I have a structured array with mixed types:
dt = np.dtype([('x', np.float64), ('y', np.float64), ('n', np.uint32)])
arr = np.empty(10, dtype=dt)
As of numpy 1.16 or so, if I view x
and y
, I get a view:
>>> sub = arr[['x', 'y']]
>>> sub
array([(6.23042070e-307, 4.67296746e-307),
(1.15710088e-306, 1.60221615e-306),
(1.95821574e-306, 6.23062102e-307),
(1.78019082e-306, 1.37959740e-306),
(1.37959129e-306, 1.33511562e-306),
(1.33511018e-306, 1.33511969e-306),
(1.11261027e-306, 1.11261502e-306),
(8.45593934e-307, 9.34600963e-307),
(6.23038336e-307, 1.29061142e-306),
(2.22522596e-306, 2.22522596e-306)],
dtype={'names':['x','y'], 'formats':['<f8','<f8'], 'offsets':[0,8], 'itemsize':20})
This is a problem because I would like to be able to convert the subset sub
into a (10, 2)
view of the x
and y
fields.
I can not just use sub.view(dtype=np.float64)
. That raises the error
ValueError: When changing to a smaller dtype, its size must be a divisor of the size of original dtype
I can use np.lib.stride_tricks.as_strided
, but that is hacky and problematic because it only works when I want two fields (or alternatively any number of evenly-spaced fields):
>>> shape = sub.shape + (2,)
>>> strides = (sub.dtype.itemsize,
np.diff([x[1] for x in sub.dtype.fields.values()]).item())
>>> np.lib.stride_tricks.as_strided(sub, shape=shape, strides=strides)['x']

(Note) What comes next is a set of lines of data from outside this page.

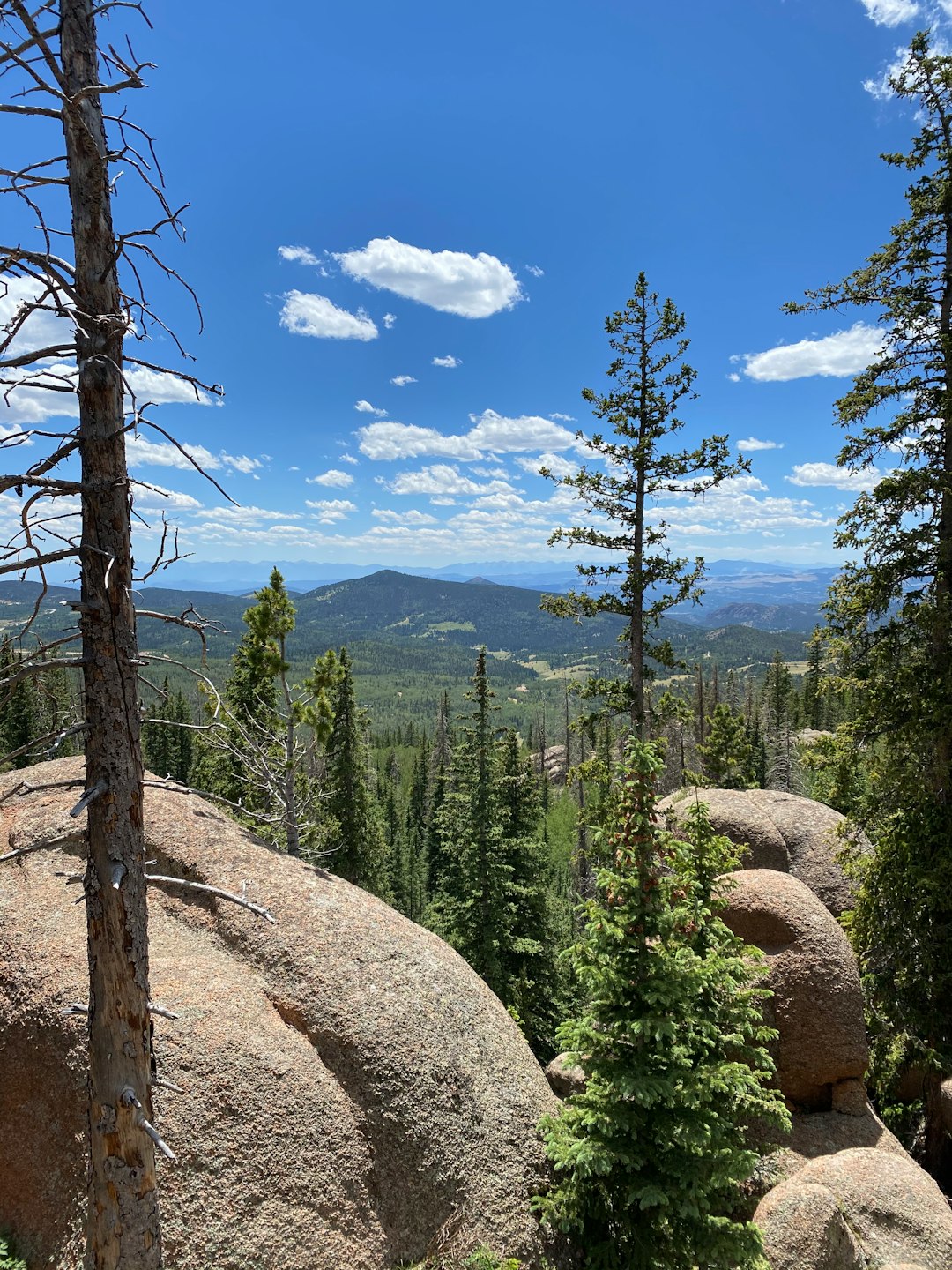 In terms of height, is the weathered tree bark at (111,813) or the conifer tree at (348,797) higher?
the weathered tree bark at (111,813)

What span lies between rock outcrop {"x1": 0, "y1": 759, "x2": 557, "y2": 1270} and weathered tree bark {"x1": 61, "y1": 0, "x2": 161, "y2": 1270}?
123 cm

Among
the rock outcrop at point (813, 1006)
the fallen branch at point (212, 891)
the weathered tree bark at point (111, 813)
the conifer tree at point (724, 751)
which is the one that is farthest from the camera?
the conifer tree at point (724, 751)

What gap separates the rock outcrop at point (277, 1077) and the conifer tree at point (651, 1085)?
3.23 feet

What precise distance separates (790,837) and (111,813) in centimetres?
1553

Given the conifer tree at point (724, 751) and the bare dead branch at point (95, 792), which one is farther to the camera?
the conifer tree at point (724, 751)

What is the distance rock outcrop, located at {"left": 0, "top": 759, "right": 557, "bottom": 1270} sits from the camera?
596cm

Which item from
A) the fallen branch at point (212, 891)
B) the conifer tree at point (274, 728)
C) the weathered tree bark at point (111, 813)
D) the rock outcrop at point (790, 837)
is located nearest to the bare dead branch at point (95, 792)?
the weathered tree bark at point (111, 813)

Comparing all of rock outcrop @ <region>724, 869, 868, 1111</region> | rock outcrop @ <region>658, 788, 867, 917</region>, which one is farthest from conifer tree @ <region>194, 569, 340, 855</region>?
rock outcrop @ <region>724, 869, 868, 1111</region>

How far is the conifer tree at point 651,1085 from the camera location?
668 centimetres

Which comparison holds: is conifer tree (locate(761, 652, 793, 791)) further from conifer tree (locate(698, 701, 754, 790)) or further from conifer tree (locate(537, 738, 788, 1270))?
conifer tree (locate(537, 738, 788, 1270))

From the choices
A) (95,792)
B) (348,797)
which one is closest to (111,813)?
(95,792)

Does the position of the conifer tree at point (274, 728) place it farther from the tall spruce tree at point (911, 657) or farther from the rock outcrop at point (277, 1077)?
the tall spruce tree at point (911, 657)

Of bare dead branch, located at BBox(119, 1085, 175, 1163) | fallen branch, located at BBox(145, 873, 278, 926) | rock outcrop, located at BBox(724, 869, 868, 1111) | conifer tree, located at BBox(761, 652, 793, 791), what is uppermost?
fallen branch, located at BBox(145, 873, 278, 926)

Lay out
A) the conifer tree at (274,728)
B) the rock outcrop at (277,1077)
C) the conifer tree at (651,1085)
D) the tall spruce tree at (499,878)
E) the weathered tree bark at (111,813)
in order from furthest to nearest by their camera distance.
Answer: the tall spruce tree at (499,878) → the conifer tree at (274,728) → the conifer tree at (651,1085) → the rock outcrop at (277,1077) → the weathered tree bark at (111,813) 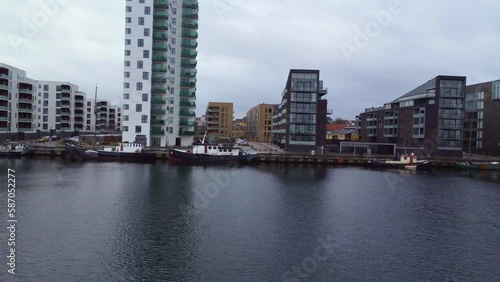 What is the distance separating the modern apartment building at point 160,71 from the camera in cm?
7800

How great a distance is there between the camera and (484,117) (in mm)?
95375

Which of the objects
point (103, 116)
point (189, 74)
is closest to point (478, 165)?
point (189, 74)

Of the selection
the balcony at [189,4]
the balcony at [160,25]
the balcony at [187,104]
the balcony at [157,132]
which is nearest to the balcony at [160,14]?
the balcony at [160,25]

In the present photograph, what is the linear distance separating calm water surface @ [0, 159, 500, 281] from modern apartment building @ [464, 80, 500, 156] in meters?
57.2

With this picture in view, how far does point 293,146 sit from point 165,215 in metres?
56.6

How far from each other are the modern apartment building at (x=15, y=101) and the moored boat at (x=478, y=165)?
319 feet

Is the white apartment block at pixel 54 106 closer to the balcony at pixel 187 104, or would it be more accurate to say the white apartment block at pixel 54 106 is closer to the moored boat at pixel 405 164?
the balcony at pixel 187 104

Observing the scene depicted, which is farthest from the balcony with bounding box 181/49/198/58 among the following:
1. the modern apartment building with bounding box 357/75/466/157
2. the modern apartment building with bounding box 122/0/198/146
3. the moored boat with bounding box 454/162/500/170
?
the moored boat with bounding box 454/162/500/170

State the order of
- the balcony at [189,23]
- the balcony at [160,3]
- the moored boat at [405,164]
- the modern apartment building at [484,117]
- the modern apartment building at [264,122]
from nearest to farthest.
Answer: the moored boat at [405,164] → the balcony at [160,3] → the modern apartment building at [484,117] → the balcony at [189,23] → the modern apartment building at [264,122]

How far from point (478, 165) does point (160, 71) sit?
68368 mm

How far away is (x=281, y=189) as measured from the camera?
135 ft

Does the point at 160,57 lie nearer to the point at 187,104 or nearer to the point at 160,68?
the point at 160,68

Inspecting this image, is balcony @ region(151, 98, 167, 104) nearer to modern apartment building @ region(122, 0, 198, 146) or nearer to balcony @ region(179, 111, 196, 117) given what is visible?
modern apartment building @ region(122, 0, 198, 146)

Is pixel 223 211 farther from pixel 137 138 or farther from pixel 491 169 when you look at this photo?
pixel 491 169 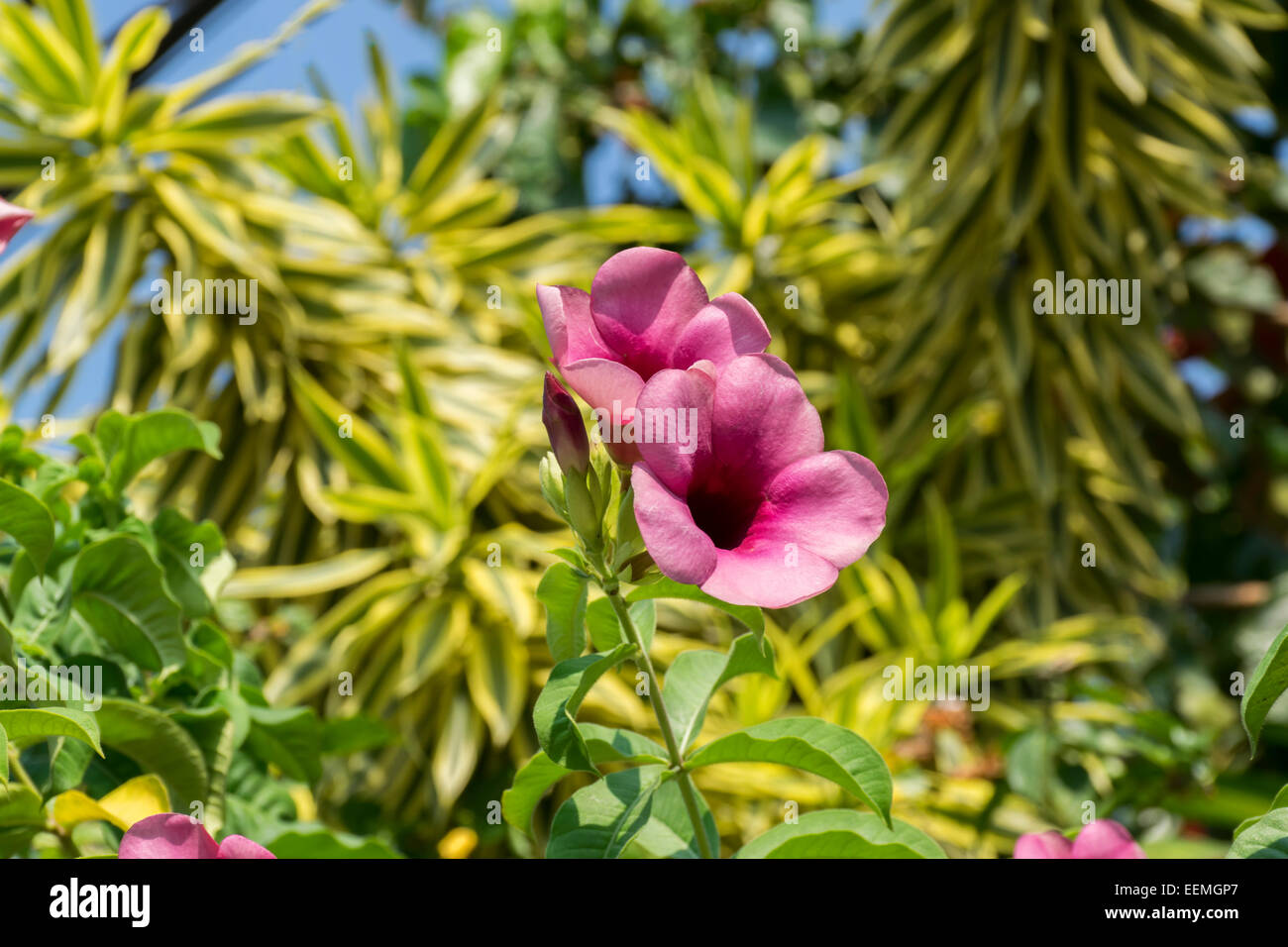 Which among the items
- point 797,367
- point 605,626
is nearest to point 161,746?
point 605,626

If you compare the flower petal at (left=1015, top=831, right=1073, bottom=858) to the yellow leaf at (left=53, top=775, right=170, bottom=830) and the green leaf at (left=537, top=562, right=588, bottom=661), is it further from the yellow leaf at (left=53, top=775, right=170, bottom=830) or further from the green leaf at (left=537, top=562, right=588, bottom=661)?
the yellow leaf at (left=53, top=775, right=170, bottom=830)

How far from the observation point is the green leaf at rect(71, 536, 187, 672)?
0.58 m

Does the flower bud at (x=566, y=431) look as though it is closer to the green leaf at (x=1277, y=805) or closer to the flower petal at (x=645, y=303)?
the flower petal at (x=645, y=303)

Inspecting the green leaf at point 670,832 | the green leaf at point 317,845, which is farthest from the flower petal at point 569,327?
the green leaf at point 317,845

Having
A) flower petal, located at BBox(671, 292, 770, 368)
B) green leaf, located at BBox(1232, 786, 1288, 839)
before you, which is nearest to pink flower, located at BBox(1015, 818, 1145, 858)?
green leaf, located at BBox(1232, 786, 1288, 839)

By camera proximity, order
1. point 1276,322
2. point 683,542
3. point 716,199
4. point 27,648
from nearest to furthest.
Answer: point 683,542, point 27,648, point 716,199, point 1276,322

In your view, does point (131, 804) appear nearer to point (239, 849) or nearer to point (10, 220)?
point (239, 849)

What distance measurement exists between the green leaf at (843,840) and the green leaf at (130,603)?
13.4 inches

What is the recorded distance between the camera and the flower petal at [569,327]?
43cm

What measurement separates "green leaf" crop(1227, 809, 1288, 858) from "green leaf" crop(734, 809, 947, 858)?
0.39ft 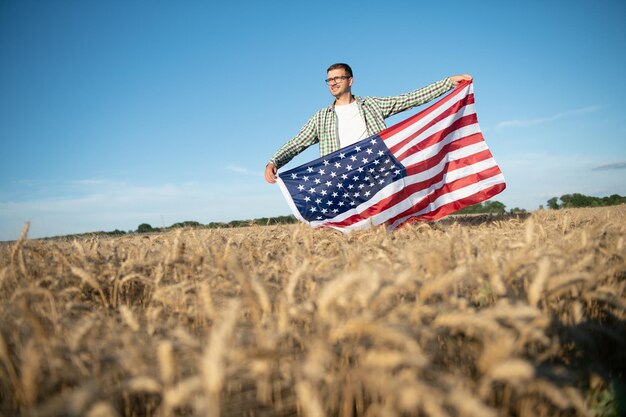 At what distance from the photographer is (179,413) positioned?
112 centimetres

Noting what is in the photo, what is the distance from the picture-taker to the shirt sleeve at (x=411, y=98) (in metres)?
5.69

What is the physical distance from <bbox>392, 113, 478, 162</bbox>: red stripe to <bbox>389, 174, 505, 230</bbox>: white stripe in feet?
2.70

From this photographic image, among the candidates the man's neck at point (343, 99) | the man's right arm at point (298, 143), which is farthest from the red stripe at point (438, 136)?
the man's right arm at point (298, 143)

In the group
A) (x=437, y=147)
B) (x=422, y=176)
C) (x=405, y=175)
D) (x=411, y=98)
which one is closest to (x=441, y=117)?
(x=437, y=147)

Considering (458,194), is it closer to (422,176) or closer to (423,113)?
(422,176)

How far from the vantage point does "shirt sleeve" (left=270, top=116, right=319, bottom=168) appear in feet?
20.1

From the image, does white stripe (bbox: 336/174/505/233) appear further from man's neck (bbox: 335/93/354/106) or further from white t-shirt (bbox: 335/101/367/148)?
man's neck (bbox: 335/93/354/106)

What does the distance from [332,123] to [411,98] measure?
1.38 meters

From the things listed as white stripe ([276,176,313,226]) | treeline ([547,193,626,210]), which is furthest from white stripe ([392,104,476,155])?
treeline ([547,193,626,210])

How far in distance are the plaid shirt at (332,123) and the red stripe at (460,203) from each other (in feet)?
5.51

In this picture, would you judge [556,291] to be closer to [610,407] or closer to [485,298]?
[485,298]

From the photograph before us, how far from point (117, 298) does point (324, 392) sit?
4.80 ft

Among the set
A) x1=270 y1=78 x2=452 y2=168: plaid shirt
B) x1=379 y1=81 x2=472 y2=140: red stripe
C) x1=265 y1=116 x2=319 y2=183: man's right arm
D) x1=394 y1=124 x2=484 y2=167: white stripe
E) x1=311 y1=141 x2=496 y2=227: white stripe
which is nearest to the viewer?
x1=311 y1=141 x2=496 y2=227: white stripe

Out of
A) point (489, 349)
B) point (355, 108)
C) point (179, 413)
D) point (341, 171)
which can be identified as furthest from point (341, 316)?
point (355, 108)
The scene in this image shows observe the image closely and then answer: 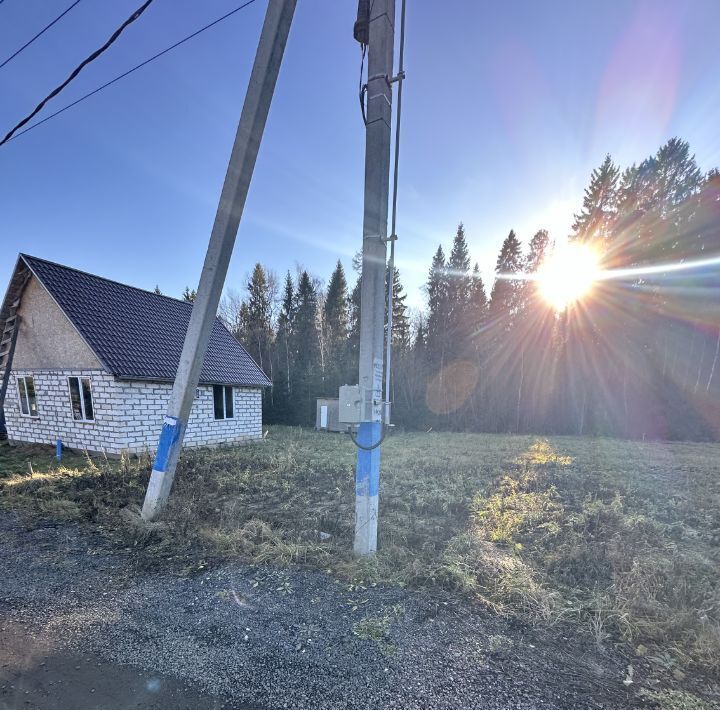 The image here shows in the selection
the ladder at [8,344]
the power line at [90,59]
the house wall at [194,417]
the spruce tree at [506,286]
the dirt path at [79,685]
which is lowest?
the dirt path at [79,685]

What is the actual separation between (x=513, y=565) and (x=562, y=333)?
853 inches

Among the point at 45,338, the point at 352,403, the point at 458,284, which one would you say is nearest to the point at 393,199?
the point at 352,403

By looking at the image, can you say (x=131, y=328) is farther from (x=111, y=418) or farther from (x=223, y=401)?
(x=223, y=401)

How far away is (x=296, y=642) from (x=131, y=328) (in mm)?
11136

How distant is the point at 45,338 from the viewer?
411 inches

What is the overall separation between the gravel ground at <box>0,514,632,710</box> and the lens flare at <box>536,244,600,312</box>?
2300 cm

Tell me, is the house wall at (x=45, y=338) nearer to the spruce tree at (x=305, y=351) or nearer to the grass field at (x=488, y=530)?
the grass field at (x=488, y=530)

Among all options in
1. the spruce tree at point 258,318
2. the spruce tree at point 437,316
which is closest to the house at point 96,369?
the spruce tree at point 437,316

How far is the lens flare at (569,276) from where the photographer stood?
2158 centimetres

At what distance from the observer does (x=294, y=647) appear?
2260mm

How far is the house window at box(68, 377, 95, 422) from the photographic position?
9.66 meters

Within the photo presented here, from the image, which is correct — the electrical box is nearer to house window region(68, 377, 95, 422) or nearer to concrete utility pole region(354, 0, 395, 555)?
concrete utility pole region(354, 0, 395, 555)

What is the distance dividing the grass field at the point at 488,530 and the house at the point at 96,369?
147cm

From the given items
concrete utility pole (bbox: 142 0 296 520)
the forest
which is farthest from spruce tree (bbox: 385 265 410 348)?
concrete utility pole (bbox: 142 0 296 520) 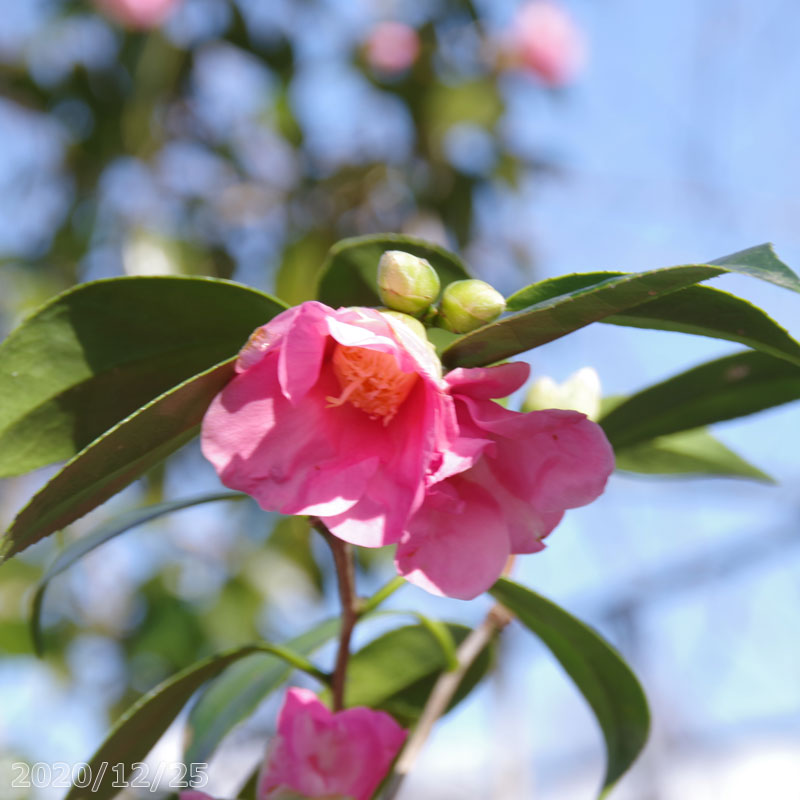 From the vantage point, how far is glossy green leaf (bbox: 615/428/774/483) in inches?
30.6

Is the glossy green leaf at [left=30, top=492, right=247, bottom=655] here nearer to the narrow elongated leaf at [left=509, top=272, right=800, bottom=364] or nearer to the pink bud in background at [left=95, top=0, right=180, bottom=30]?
the narrow elongated leaf at [left=509, top=272, right=800, bottom=364]

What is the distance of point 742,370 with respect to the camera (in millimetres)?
662

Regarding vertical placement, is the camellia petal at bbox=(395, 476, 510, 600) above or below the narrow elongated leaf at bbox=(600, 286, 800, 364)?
below

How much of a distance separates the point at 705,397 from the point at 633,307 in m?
0.27

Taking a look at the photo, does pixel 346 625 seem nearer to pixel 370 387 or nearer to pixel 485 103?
pixel 370 387

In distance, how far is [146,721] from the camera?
2.05 ft

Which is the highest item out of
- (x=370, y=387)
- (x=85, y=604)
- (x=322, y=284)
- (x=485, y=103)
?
(x=485, y=103)

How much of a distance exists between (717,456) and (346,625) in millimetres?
383

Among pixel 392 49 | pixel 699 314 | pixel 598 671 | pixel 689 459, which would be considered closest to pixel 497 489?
pixel 699 314

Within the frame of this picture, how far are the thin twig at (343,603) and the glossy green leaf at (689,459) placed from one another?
0.96 feet

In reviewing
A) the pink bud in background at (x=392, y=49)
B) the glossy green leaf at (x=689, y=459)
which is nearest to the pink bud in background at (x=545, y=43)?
the pink bud in background at (x=392, y=49)

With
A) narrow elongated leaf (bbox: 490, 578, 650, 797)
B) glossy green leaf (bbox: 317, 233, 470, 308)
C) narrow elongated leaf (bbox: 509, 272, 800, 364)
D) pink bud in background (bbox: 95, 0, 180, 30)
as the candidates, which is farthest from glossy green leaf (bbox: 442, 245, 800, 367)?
pink bud in background (bbox: 95, 0, 180, 30)

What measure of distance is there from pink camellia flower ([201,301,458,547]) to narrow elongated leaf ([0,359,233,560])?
16 millimetres

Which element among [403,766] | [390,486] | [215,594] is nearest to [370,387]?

array([[6.23042070e-307, 4.67296746e-307],
[1.15710088e-306, 1.60221615e-306],
[1.95821574e-306, 6.23062102e-307],
[1.78019082e-306, 1.37959740e-306],
[1.37959129e-306, 1.33511562e-306],
[1.33511018e-306, 1.33511969e-306],
[1.11261027e-306, 1.11261502e-306],
[8.45593934e-307, 9.34600963e-307],
[6.23038336e-307, 1.29061142e-306],
[2.22522596e-306, 2.22522596e-306]])
If sub
were a copy, then I could simply view it as a (10, 2)
array of floats. How can I view the selected fields as such an array, either by copying the selection or any other means?